**EXERCISE DIRECTIONS**
In the material below, the lines from the one containing "This is a photo" through the one containing "Hello friends, welcome" are to be given again exactly, ends included, and no others.

**DATA SECTION**
____________
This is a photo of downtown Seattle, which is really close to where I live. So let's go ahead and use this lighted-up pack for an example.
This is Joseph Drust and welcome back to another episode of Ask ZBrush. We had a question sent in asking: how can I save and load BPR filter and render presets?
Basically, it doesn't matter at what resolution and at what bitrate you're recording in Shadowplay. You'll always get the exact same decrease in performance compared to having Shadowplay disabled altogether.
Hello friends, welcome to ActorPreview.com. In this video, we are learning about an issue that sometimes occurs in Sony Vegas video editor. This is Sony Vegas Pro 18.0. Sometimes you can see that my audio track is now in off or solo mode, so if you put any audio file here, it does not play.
____________
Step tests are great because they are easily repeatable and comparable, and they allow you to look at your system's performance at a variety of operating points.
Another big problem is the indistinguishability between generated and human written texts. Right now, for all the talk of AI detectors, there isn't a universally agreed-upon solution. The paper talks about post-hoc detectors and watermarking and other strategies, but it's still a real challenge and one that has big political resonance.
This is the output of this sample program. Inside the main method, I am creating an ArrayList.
____________
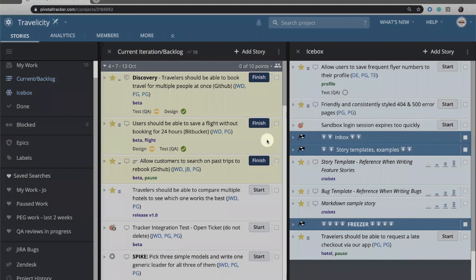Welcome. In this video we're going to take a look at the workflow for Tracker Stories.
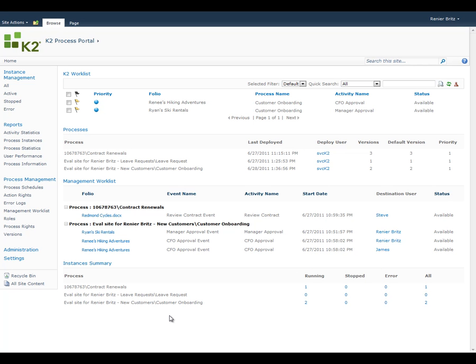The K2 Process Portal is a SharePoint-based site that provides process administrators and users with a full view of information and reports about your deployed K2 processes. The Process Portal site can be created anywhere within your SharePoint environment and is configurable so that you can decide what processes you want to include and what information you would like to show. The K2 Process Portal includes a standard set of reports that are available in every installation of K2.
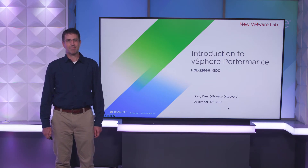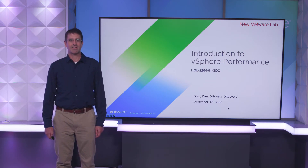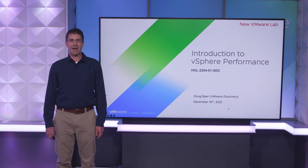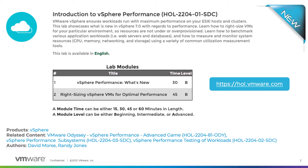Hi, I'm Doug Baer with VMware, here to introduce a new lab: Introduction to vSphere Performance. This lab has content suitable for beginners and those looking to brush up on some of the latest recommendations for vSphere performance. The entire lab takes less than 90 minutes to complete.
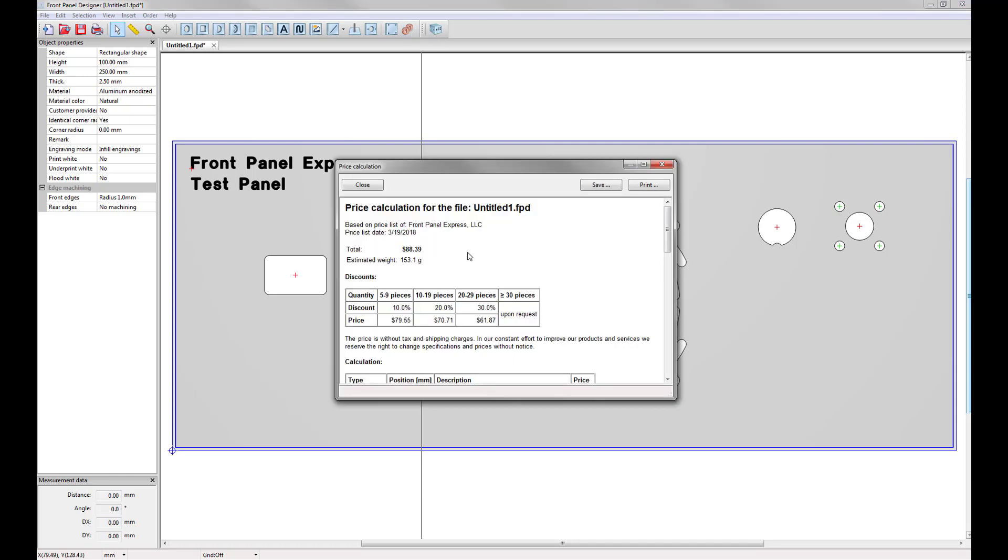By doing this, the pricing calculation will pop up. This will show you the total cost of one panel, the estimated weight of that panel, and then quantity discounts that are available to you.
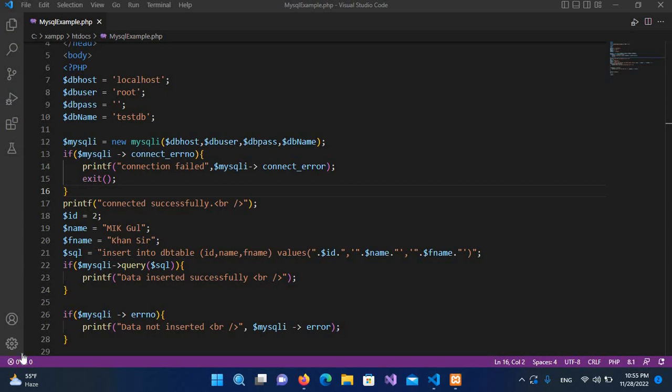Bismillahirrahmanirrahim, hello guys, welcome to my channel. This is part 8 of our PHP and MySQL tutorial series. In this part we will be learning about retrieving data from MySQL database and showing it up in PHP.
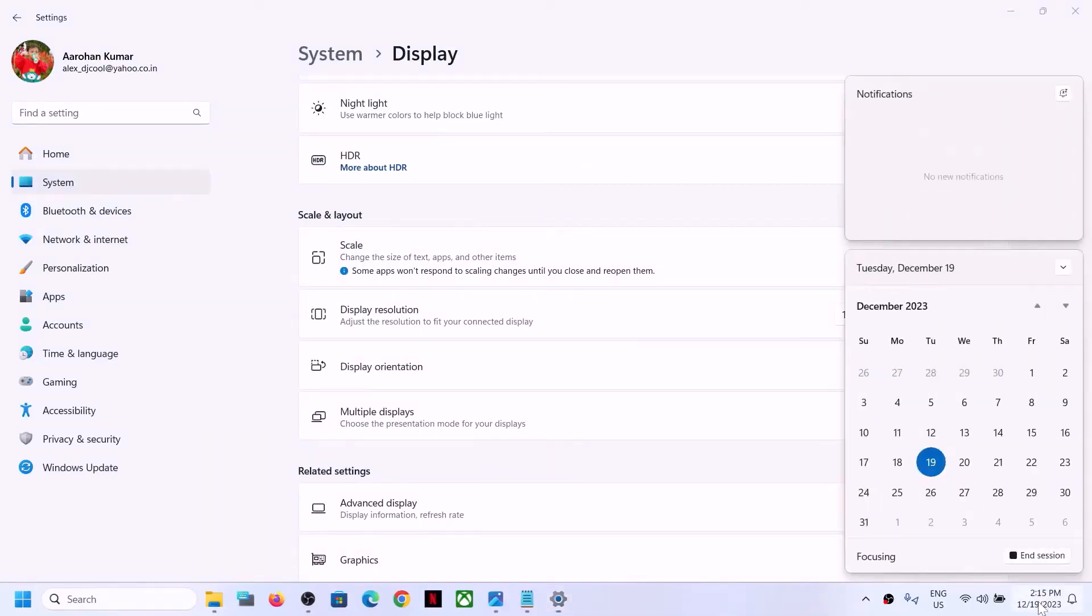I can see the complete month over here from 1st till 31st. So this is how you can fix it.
____________
**OUTPUT BELOW**
This is a photo of downtown Seattle, which is really close to where I live. So let's go ahead and use this lighted-up pack for an example.
This is Joseph Drust and welcome back to another episode of Ask ZBrush. We had a question sent in asking: how can I save and load BPR filter and render presets?
Basically, it doesn't matter at what resolution and at what bitrate you're recording in Shadowplay. You'll always get the exact same decrease in performance compared to having Shadowplay disabled altogether.
Hello friends, welcome to ActorPreview.com. In this video, we are learning about an issue that sometimes occurs in Sony Vegas video editor. This is Sony Vegas Pro 18.0. Sometimes you can see that my audio track is now in off or solo mode, so if you put any audio file here, it does not play.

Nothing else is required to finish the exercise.